Zainab menegaskan sebuah poin penting bahwa Ahlul Bait Rasulullah Saw tidak akan bisa dihapus dari sejarah. Putri Ali bin Abi Thalib ini berkata, "Yazid, jika ingin menipu dan makar, maka lakukanlah. Tapi ketahuilah engkau tidak akan bisa menghapus [dalam sejarah] orang-orang mengingat kami. Engkau tidak memiliki kemampuan untuk memusnahkan kami, dan memadamkan orang-orang yang mengingat kami. Suatu hari kebenaran akan datang dengan meneriakkan "Laknat Tuhan bagi orang-orang zalim".
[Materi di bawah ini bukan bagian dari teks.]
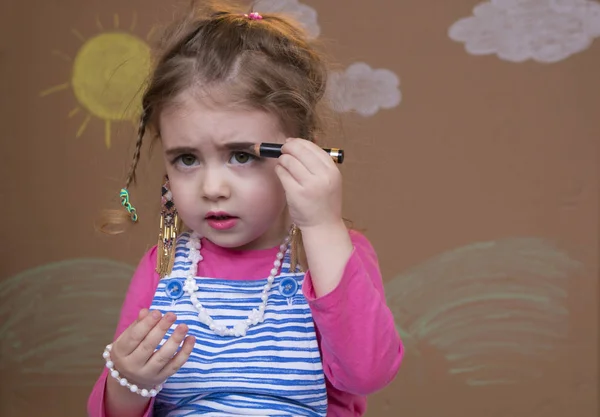 Maquillaje para una niña, labios de color, pestañas y cejas — Foto de Stock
Kemudian, Sayidah Zainab mengakhiri pidatonya dengan bersyukur kepada Allah swt. Beliau berkata, "Kini, aku menyampaikan rasa syukur kepada Allah swt yang memulai kehidupan Ahlul Bait dengan syahadat dan ampunan, serta mengakhiri dengan syahadat dan ampunan serta rahmat ilahi. Tuhanku, tambahkanlah pahala bagi syuhada kami dan nasib kami berada di tangan-Mu."
Dengan pidato ini, Sayidah Zainab menunjukkan bukan hanya kesyahidan saudaranya, Imam Husein bin Ali sebagai sebuah keindahan.Tapi lebih dari itu, putri Ali bin Abi Thalib ini menggambarkan ditawannya Ahlul Bait sebagai puncak keindahan.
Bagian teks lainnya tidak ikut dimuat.